Finding Deduplication¶
When the model processes the same tool output multiple times (common after context compaction), the engine deduplicates findings using SHA-256 content hashing. The hash covers tool_name, sorted node signatures (stable properties only), sorted edge keys, and the first 500 characters of raw_output. Exact duplicates within a 5-minute rolling window are rejected immediately with { deduplicated: true } — no graph mutations occur. Findings with the same nodes but different properties pass through for property merging.
Tool Call Telemetry¶
Runtime instrumentation that tracks per-tool call counts, error rates, response times, and call sequence patterns. This data is not persisted — it exists only for the current server process. The telemetry is exported in the tool_telemetry section of run_retrospective output and helps identify unused tools, slow tools, and common tool-call sequences.

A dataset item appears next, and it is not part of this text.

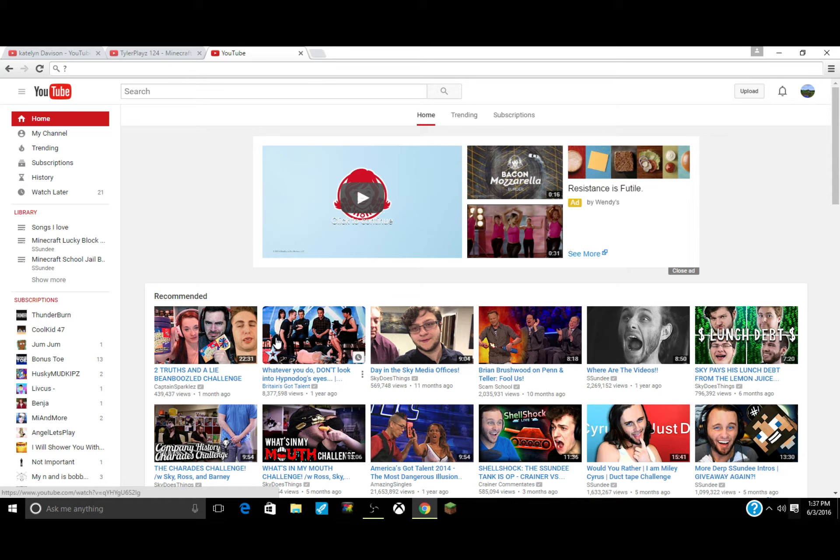If you guys want to be in the shoutout, number one rule: you have to follow these rules. One, subscribe to KTube of course. Subscribe to me.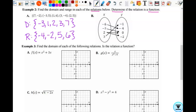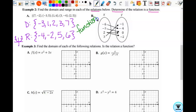Is part a a function? It's okay to have two of the same y-values, but it's not okay to have two of the same x-values. Think about a parabola — it has the same y-value twice and that's totally fine because it's a function. You just can't have the same x-value mapping to two different outputs. So yes, part a is a function.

Inference Rule Effectiveness¶
Each inference rule's performance is tracked via inferred_by_rule and confirmed_at properties on edges. The engine computes per-rule confirmation rates (confirmed / total inferred edges) and surfaces rules with ≥3 edges in get_state() under inference_rule_effectiveness. Rules are dynamically ordered by confirmation rate — high-performing rules run first, and rules with 0 confirmations over ≥5 attempts are deprioritized.